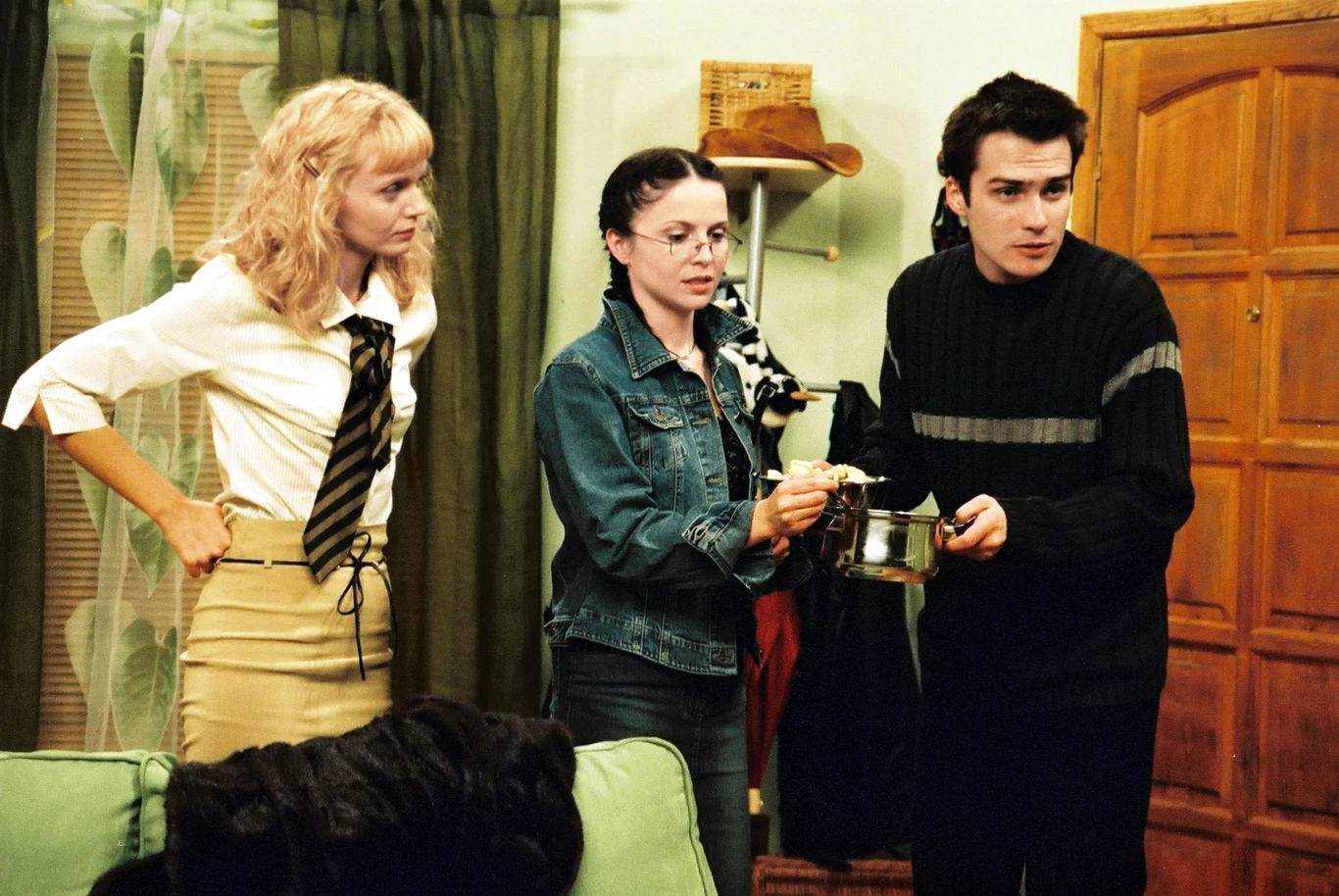 Michał Lesień, Agnieszka Michalska, Olga Borys, plan serialu "Lokatorzy"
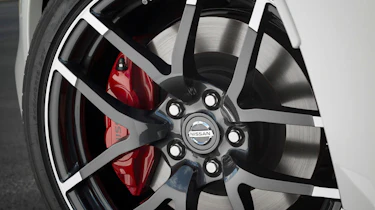 Nissan 370Z Nismo specs, pictures and details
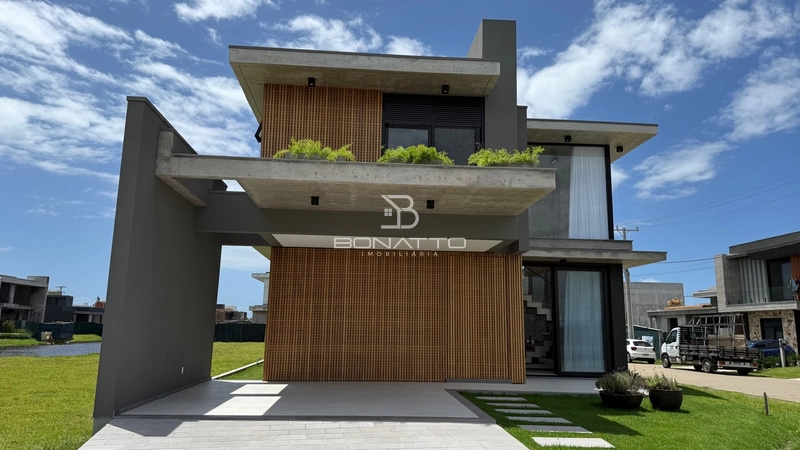 Sobrado de Alto Padrão: 37ª foto da galeria de imagens do imóvel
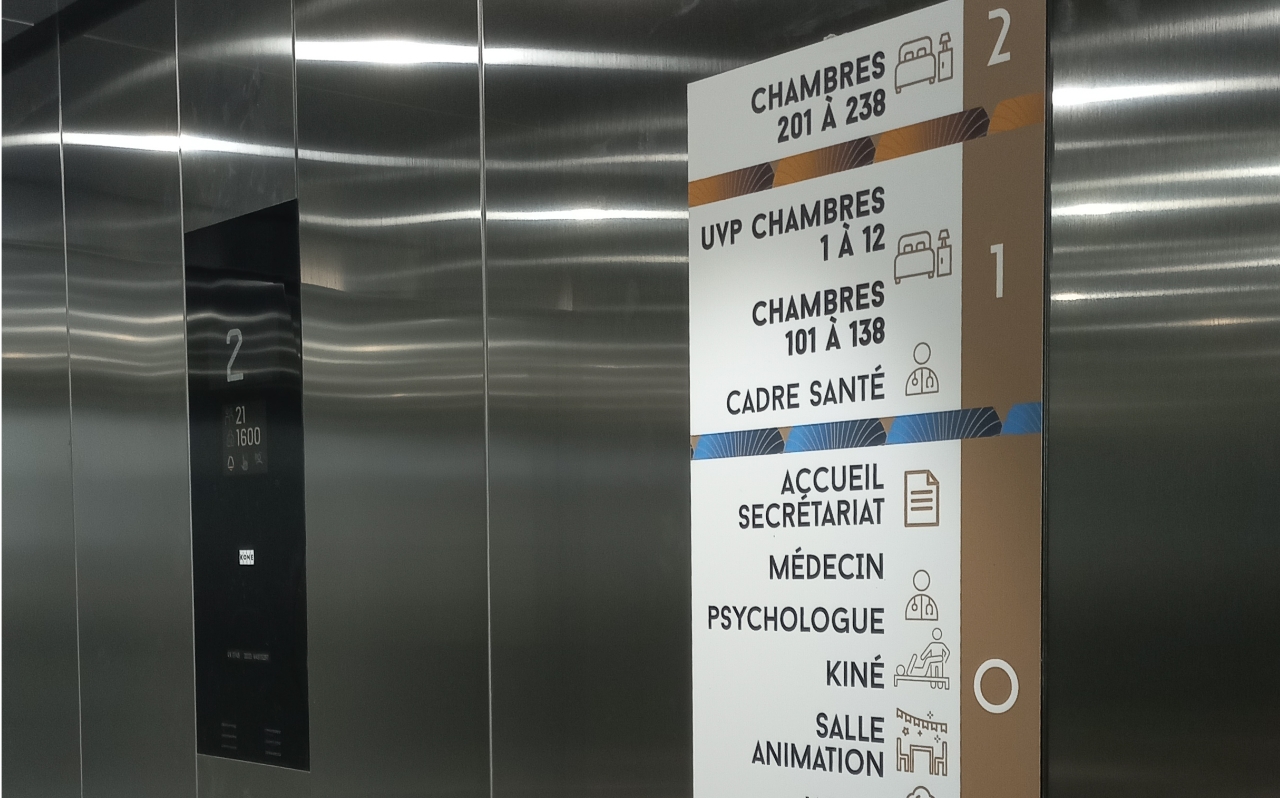 Conception de supports directionnels et informatifs pour hôtel – Expert en signalétique et enseignes en Drôme - Graffi4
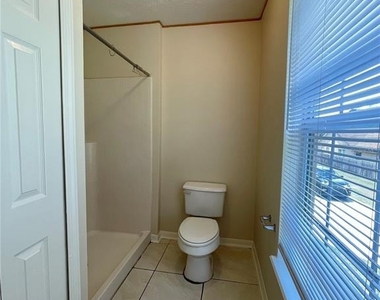 1304 Dover Drive - Photo Thumbnail 21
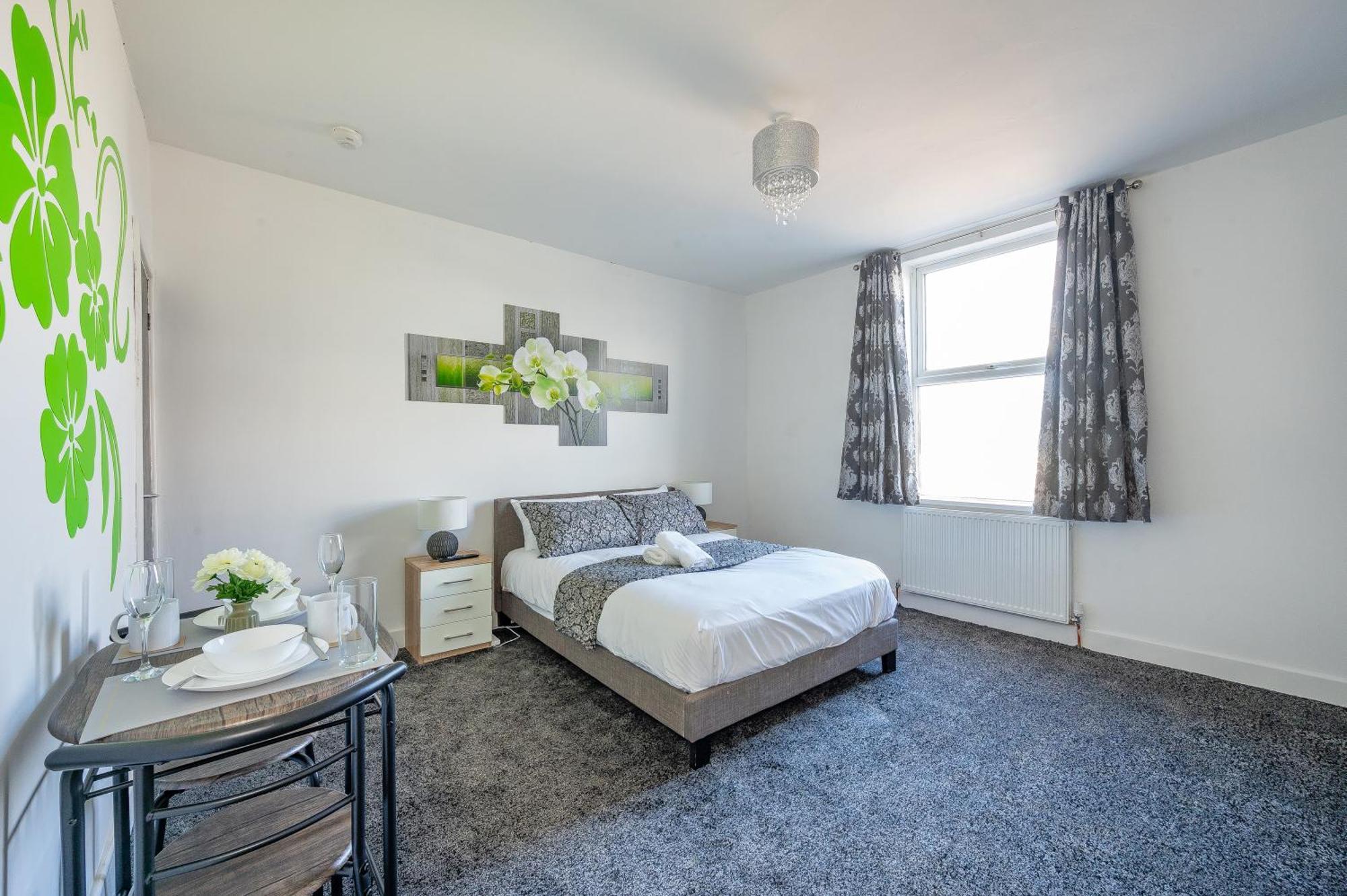 *Rc246*For Your Relaxed & Cosy Stay + Free Parking Leeds  Buitenkant foto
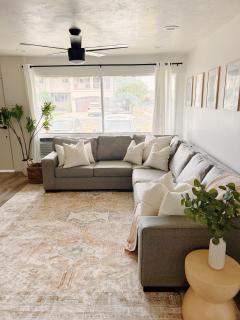 Hale Moana Retreat AC Walk to Ocean and Spacious Family Stay - 7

········

INSTRUCTIONS TO FOLLOW
Reproduce only the lines from the line that holds "Nissan 370Z Nismo" through the end of the records, exactly as they stand, both ends included and pictures excluded.

PROBLEM SOLUTION
 Nissan 370Z Nismo specs, pictures and details
 Sobrado de Alto Padrão: 37ª foto da galeria de imagens do imóvel
 Conception de supports directionnels et informatifs pour hôtel – Expert en signalétique et enseignes en Drôme - Graffi4
 1304 Dover Drive - Photo Thumbnail 21
 *Rc246*For Your Relaxed & Cosy Stay + Free Parking Leeds  Buitenkant foto
 Hale Moana Retreat AC Walk to Ocean and Spacious Family Stay - 7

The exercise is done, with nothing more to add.